The truth lies in between, and for me, Heaney was a fine poet. I did a module on his work in university and always liked it: there was an uncommon musicality, a sense of form or style as a worthy end in itself, not just a method to convey a message. The sort of poetry that reads better aloud.
Anyway: Professor Heaney (Radio 1 Sat 6pm) is a charming, warm, enlightening two-parter (the second airs this weekend).

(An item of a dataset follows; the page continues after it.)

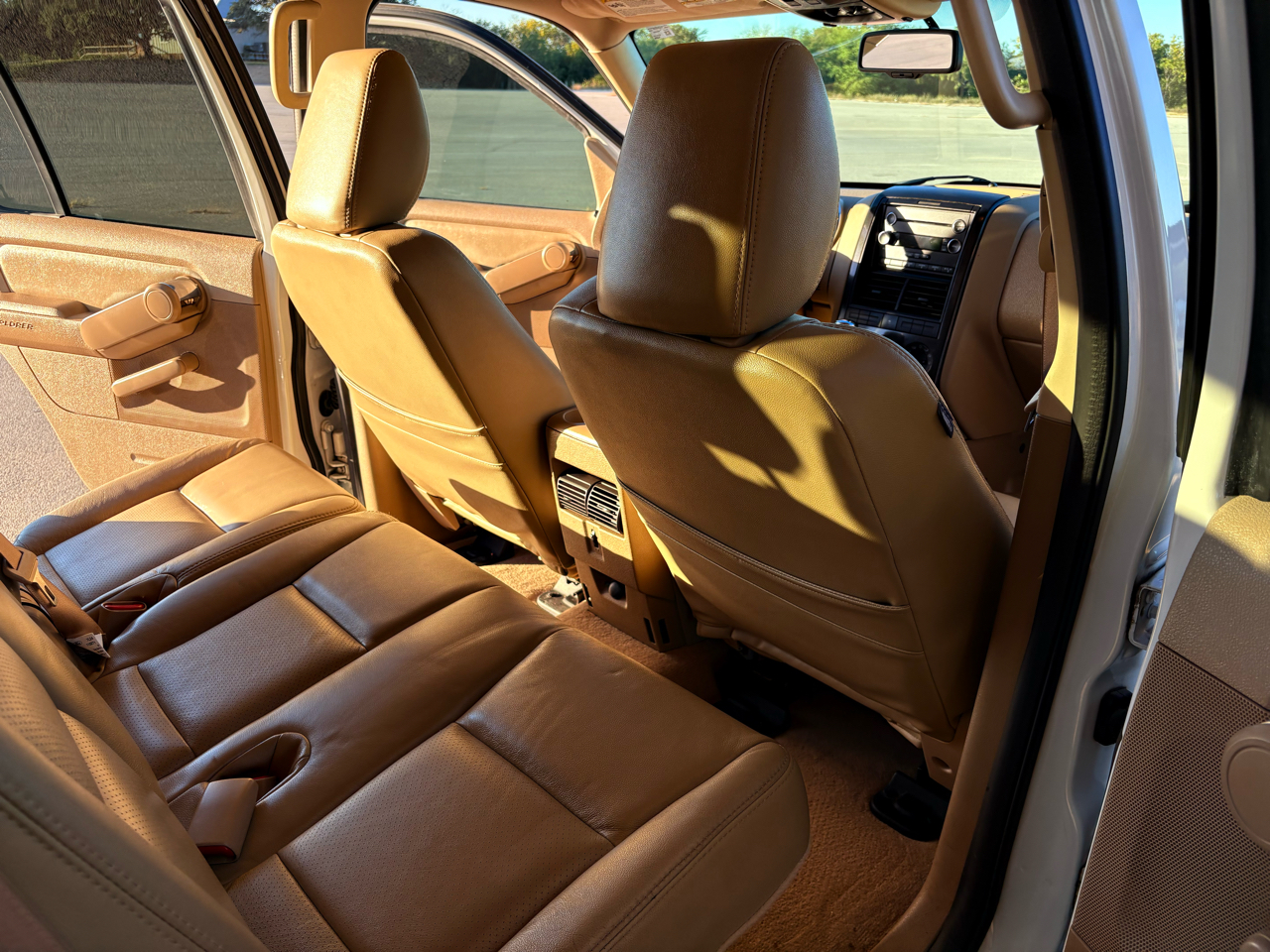 Ford Explorer XLT 4.0L 2WD 2010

Presented by another writer (and broadcaster), John Kelly, produced by Sinead Egan, it concentrates on the Derry man's time as a lecturer in Harvard and Oxford.
The show was charming and warm for the same reason: as well as being a mighty man of letters, Heaney was by all accounts, well, a mighty man.
People spoke with such fondness of him; no sense of hagiography or stiff-backed determination to speak well of the dead, but sincere affection and admiration for a very decent person.
And it was enlightening, mainly because I never realised Oxford could be a dirty, dodgy, dangerous city. You think of it as virtually a real-life Hogwarts or something - muddle-headed dons cycling about, scarves and cricket, mulled wine in the "Maudlin" dorms. That sort of thing.
But according to this, the pubs and streets could be rough; the locals didn't like outsiders and weren't shy about proving it via the judicious movement of their fists. A funny attitude to take in a town which, to all intents and purposes, would hardly exist without the colleges, but there you go.
By the time you read this, Scotland will have decided whether or not to leave the UK, barring some "hanging chad"-style debacle. There's been a lot of coverage here on Thursday's referendum, but I decided to go straight to the source to educate myself on the matter. (Shamefully, I knew almost nothing about this seismic event.)
Crossfire (BBC Radio Scotland, Sun 9am) gave a useful overview of the main themes, and a straightforward "yes or no" debate. The strange thing was how well-mannered they all were. This is the future of their country - it could be heaven or disaster - but they were polite, cheerful and non-aggressive.
Quite a contrast to the screeching monkeys of our referendums. And, like Oxford, another stereotype smashed.